Saturday, December 17, 2011

“Imperfect people can love God”

Dad was a bright guy with a wonderful Notre Dame '34 education and a pension for understanding things that were technical although he was the furthest thing from being an engineer. He was a super salesman and the life of the party in almost every setting. After WW II during which he lost his left arm (and he was lefthanded) he slipped into over imbibing and perhaps a bit of self pity. This eventually led to the worst kind of alcholisim - the kind that says "if you get up almost every day to go to work then you are OK no matter how wiped out you got the night before". This conditioned was worsened by his "Irish Pride" and the inability to admit to the primary rule of AA - "I'm powerless over alcohol". This was true even though his older brother was a charter member when AA was started in Akron, Ohio shortly after the war.

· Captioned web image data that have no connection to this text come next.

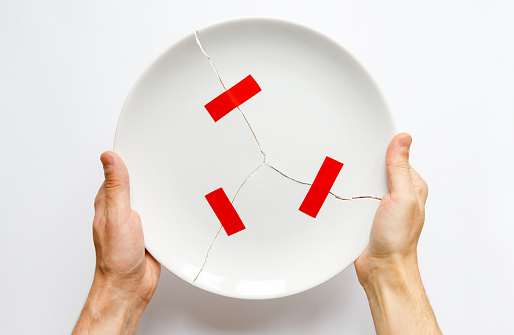 Top view of man hands holding a broken white plate, parts glued with red tape. Metaphor for divorce, relationships, friendships, crack in marriage. Love is gone. Isolated on white background.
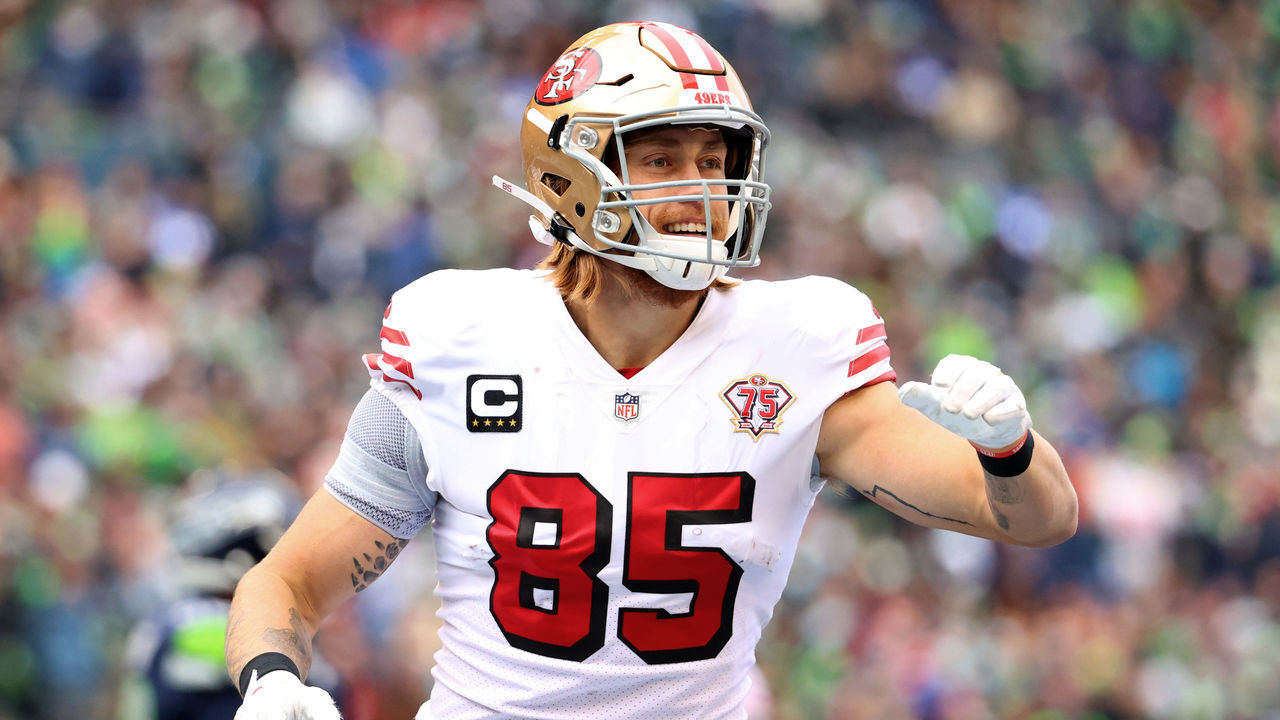 SEATTLE, WASHINGTON - DECEMBER 05: George Kittle #85 of the San Francisco 49ers celebrates after catching the ball for a touchdown during the first quarter against the Seattle Seahawks at Lumen Field on December 05, 2021 in Seattle, Washington.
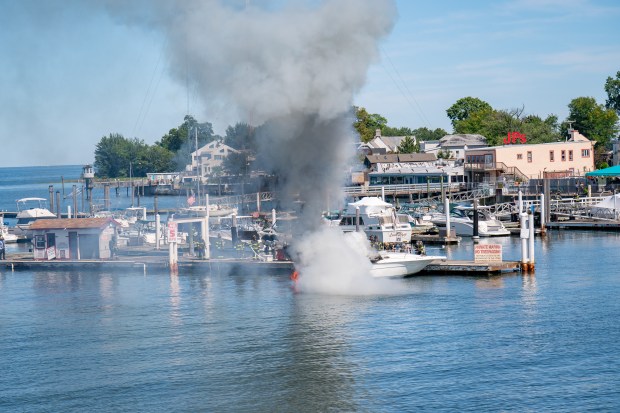 An explosion destroyed a boat that was docked at the City Island Marina in the Bronx on Saturday August 29, 2026. 1356. (Theodore Parisienne / New York Daily News)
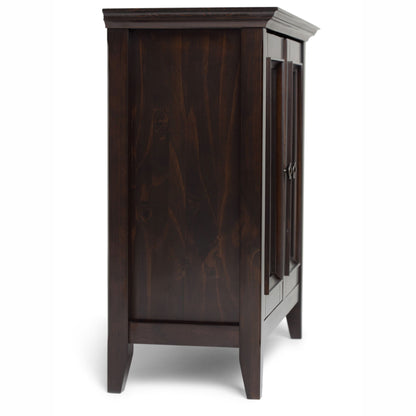 Side view of the Amherst - Handcrafted Low Storage Cabinet in dark wood, featuring paneled sides, raised legs, and two closed doors with metal handles, set against a plain white background.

Dad was a "Dr. Jeckle and Mr. Hyde" when it comes to his behavior around booze. He was a most lovable, funny, witty, generous and delightful guy when sober or even after just a few "toddys" but when he finally got drunk he was truly horrible and absolutely mean. I won't dredge up any of the facts about it but suffice it to say there were years of "continuous living hell" with him for our whole family.
Besides all the good things about him, the point that bears rememberance about Dad is the example he set for us as kids every Sunday. He would get up, dress up and be the leader of our little family group to drive into town and "be on time" for noon Mass on Sunday. There were surely times that my older sister and brother and certainly myself would utter to ourselves that it was wrong to live like he was but the honest to God reality is that Dad was setting a wonderful example for us about being faithful to the mass no matter how sinful your life or how powerless you are. This message was further strenghened during a healing retreat that I made about 30 years ago. I was about 40 and Dad (who died at 51) had been dead for about 20 years. Someone at the retreat was relating a story about their alcoholic father and how they had learned to forgive him and accept him for the way he was. At that moment I realized that I wouldn't be sitting in that retreat house were it not for the example that my Dad had set in his devotion to the mass.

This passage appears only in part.